**Work request:** Of all the entries below, only the lines from the one with "Датчик температури вихлопних" up to and including the one with "MONROE lengéscsillapító MONROE" are to be duplicated exactly.

**Records supplied:**
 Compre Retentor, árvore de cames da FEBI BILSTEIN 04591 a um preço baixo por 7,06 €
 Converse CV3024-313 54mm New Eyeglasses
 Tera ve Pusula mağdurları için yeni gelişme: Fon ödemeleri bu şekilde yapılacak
---
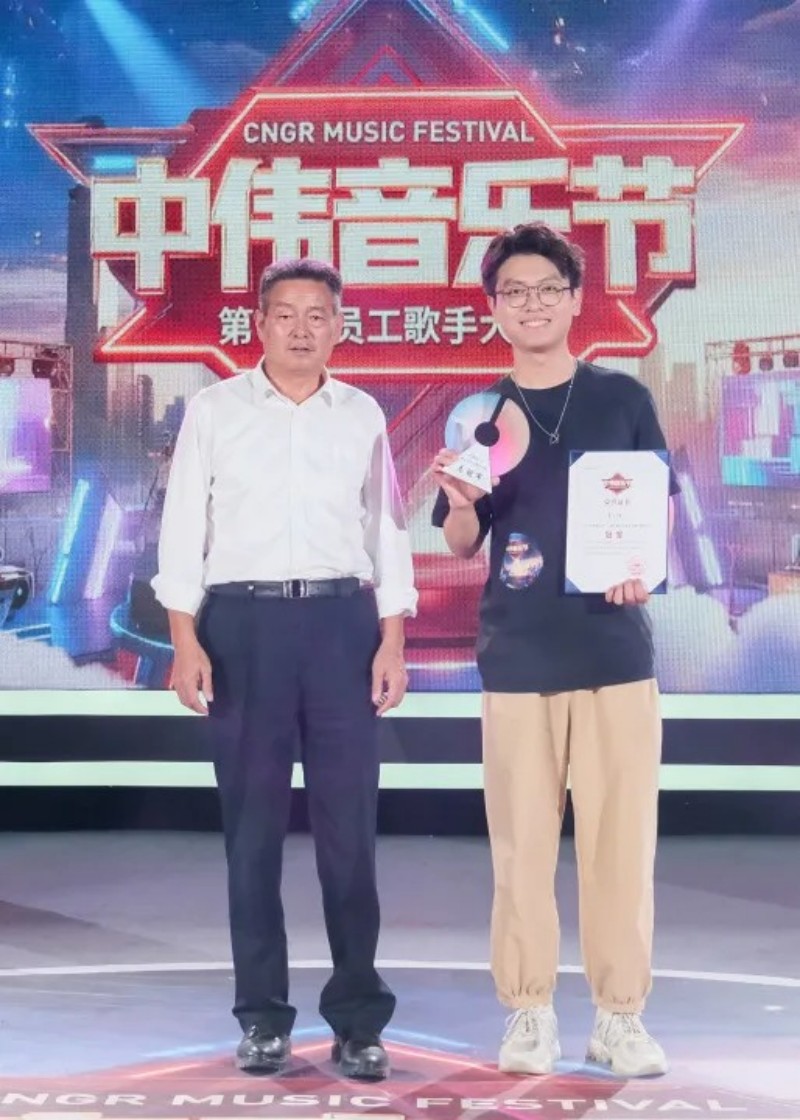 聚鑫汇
==
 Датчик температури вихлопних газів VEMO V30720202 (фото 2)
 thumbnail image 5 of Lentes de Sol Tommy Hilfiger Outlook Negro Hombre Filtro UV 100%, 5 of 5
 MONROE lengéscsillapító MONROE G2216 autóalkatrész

**Finished task:**
 Датчик температури вихлопних газів VEMO V30720202 (фото 2)
 thumbnail image 5 of Lentes de Sol Tommy Hilfiger Outlook Negro Hombre Filtro UV 100%, 5 of 5
 MONROE lengéscsillapító MONROE G2216 autóalkatrész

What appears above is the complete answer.